Using only the entries below, output the lines starting at the one containing "Kitchen featuring wall" and ending at the one containing "Landon Donovan of", exactly and inclusive of both, omitting the pictures.

◇ ◇ ◇ ◇

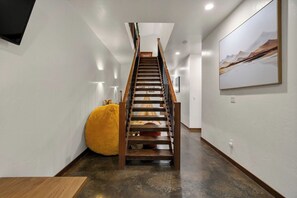 A modern interior with a wooden staircase, a large yellow bean bag, and a framed abstract painting on the wall.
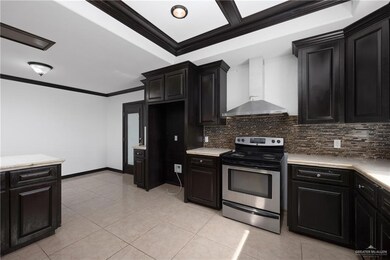 Kitchen featuring wall chimney range hood, backsplash, stainless steel range with electric cooktop, and light tile floors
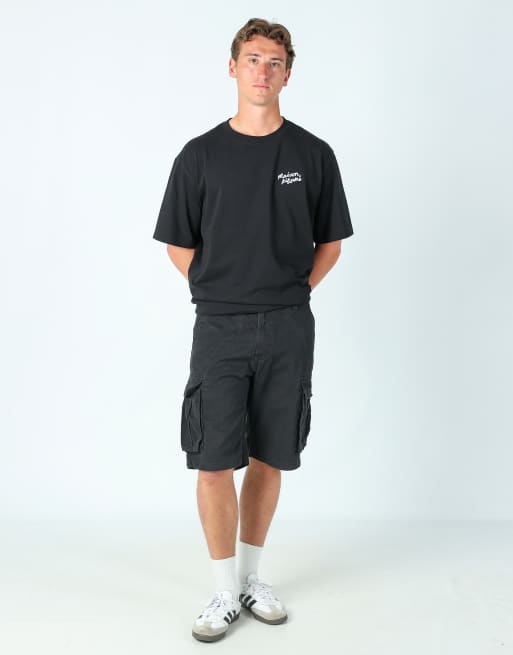 Vintage Levi's 32x23 canvas cargo shorts in black
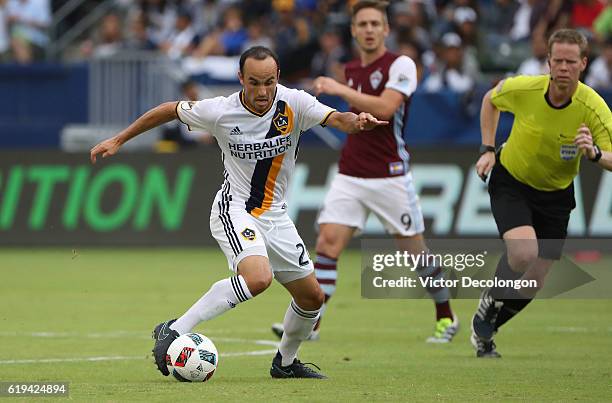 Landon Donovan of Los Angeles Galaxy turns to dribble the ball and starts the attack from midfield during leg one of the Audi 2016 MLS Cup Playoff...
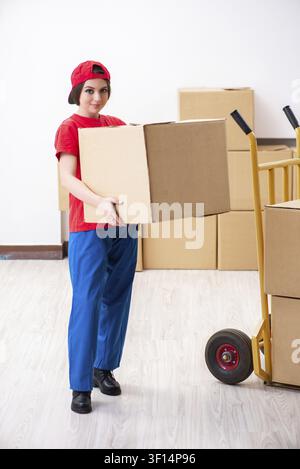 Young female professional mover doing home relocation Stock Photo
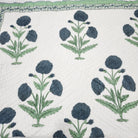 Blue poppy block-print single quilt with a blue and yellow floral print on the reverse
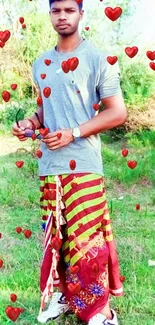 Man in stylish outfit standing in green nature.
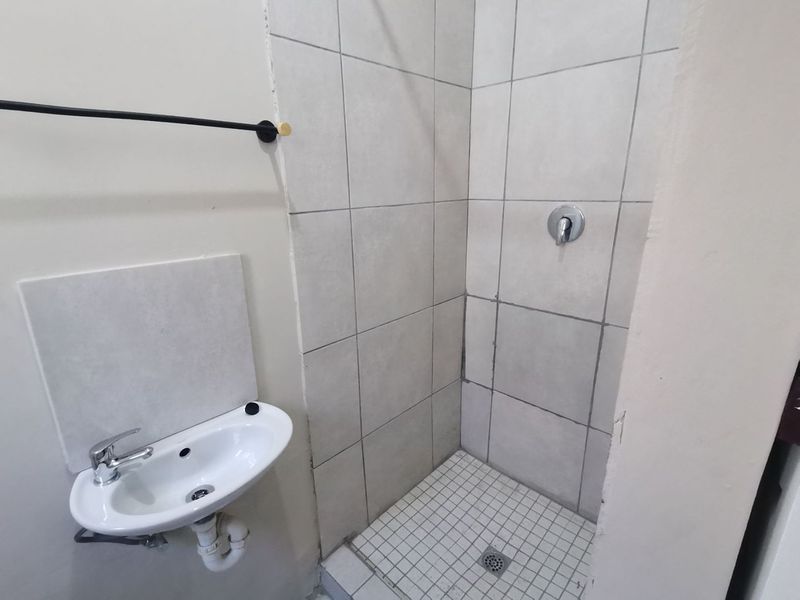 A compact bathroom featuring a wall-mounted basin and a tiled shower enclosure with basic fixtures.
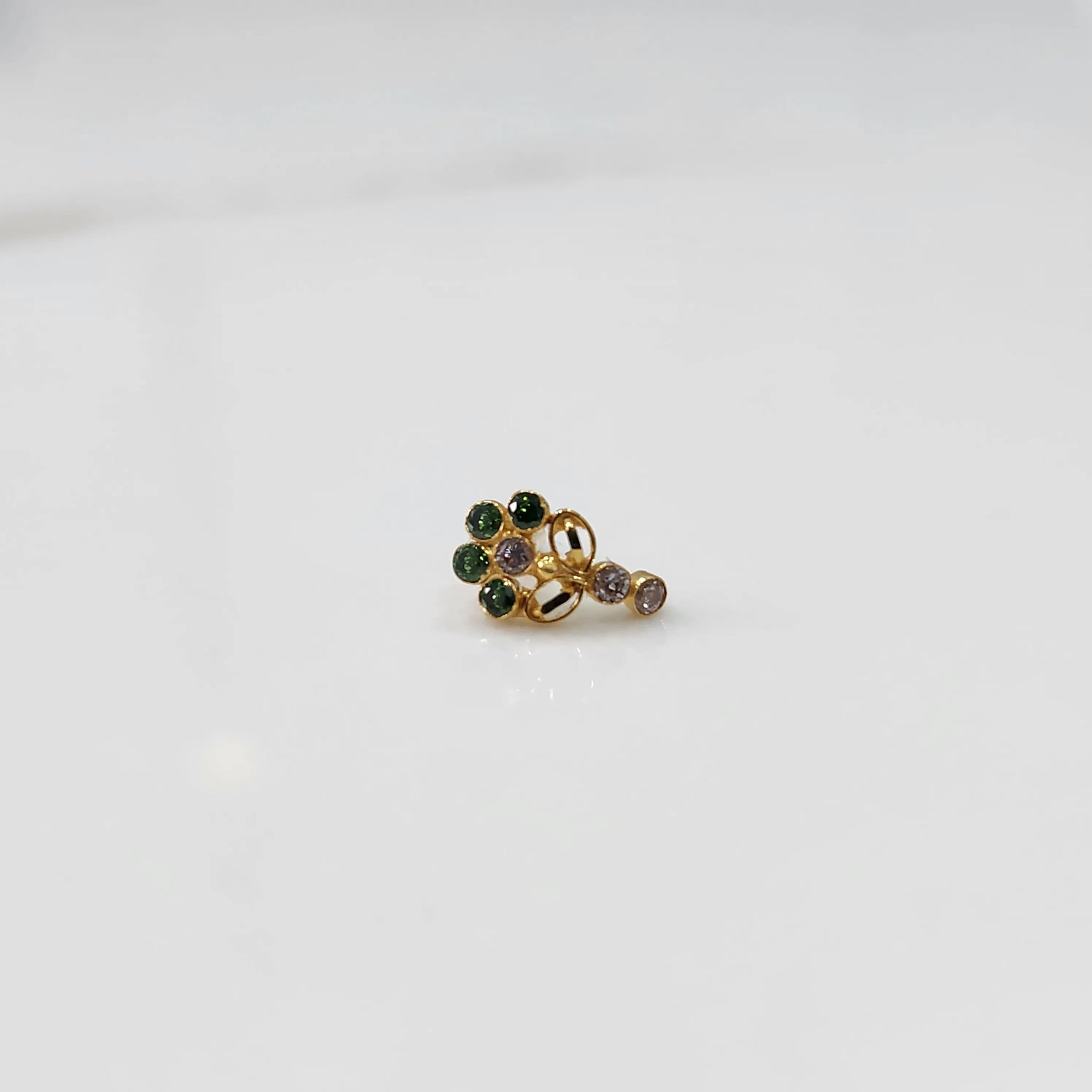 Gold nose pin with green gemstone cluster and clear drop-style stone accent on white background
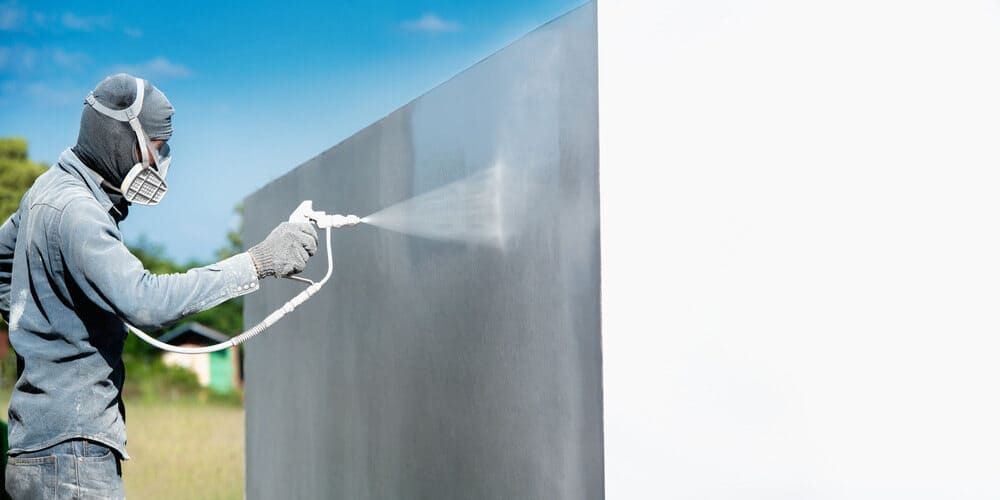 A Man Wearing A Mask Is Spraying Paint On A Wall — Ballina Painting Service In Ballina, NSW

◇ ◇ ◇ ◇

Output:
 Kitchen featuring wall chimney range hood, backsplash, stainless steel range with electric cooktop, and light tile floors
 Vintage Levi's 32x23 canvas cargo shorts in black
 Landon Donovan of Los Angeles Galaxy turns to dribble the ball and starts the attack from midfield during leg one of the Audi 2016 MLS Cup Playoff...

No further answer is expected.